Enbridge is involved in an ongoing initiative to validate fiber optic cable’s effectiveness in detecting leaks along our crude oil pipeline routes, particularly sensitive segments such as river crossings.
“River crossings are a real challenge. To be honest, there was a healthy degree of skepticism that we could meet the challenge of placing a sensitive fiber optic cable next to a heavy steel pipe. This feels like a moon shot—and we landed it,” says Ray Philipenko, Manager of the Leak Detection department within Enbridge’s Pipeline Control Systems and Leak Detection (PCSLD) area.

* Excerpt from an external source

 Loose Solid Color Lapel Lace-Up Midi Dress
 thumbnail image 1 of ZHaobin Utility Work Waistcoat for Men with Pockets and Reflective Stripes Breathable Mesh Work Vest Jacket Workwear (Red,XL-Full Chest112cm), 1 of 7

“The complexity is pretty high on a long HDD crossing, even for a steel pipe . . . and there were many ways the fiber or polyethylene conduit could have been damaged deep underground,” says Jim Bazeley, a regional construction and facilities manager for Enbridge’s Major Projects unit. “What we did, ultimately, was validate a lot of the engineering that went into this project.”
During the 40-day HDD project in October 2016, Michels Canada first bored a 36-inch-diameter hole travelling approximately 35 metres (115 feet) under the North Saskatchewan River.
The 24-inch-diameter welded pipeline segment was then pulled back through the underground arched tunnel, using a purpose-built “pull-head” that pulled the polyethylene conduit along with the pipe—and allowed the conduit to snake its way, unconstrained, through the bore hole.
Engineers opted not to strap the polyethylene conduit, manufactured by DuraLine, to the pipe during the pullback procedure to avoid damaging the pipeline’s protective coating and ensure the highest safety standards.
“That allowed our team and our contractors to complete the final pipeline coating verification, and send test signals down the cable to verify the integrity of the fiber optics, as it was being pulled through the bore hole,” says Bazeley.
Remarks Shelley Wiltshire, a PCSLD project manager with Enbridge: “This is the first installation on our system that can support fiber optic-based leak detection systems. We placed two types of fiber optic cable under the river—and they’re right next to the pipe.”
Now that the cable is in place, Enbridge’s leak detection team will embark on the next phase of the project to confirm the reliability of the fiber optic leak detection systems, and the performance of the technologies for HDD river crossings.
“The North Saskatchewan River is a critical asset to the province of Alberta, and to have the extra layer of protection that this technology could provide would be tremendous,” says Philipenko. “It wasn’t easy, but now we know it’s possible—and that’s a very big first step.”
(TOP PHOTO: Crews assist in the pullback process during an HDD procedure on our Norlite Pipeline last fall. The purpose-built "pull head" brought two reinforced strands of fiber optic cable, from the orange spools on either side of the pipe, through a parabolic tunnel travelling about 115 feet under Alberta's North Saskatchewan River. At 966 metres or 0.6 miles—or seven CFL fields, including end zones—it's the longest successful HDD installation, to date, involving steel pipe and a fiber cable.)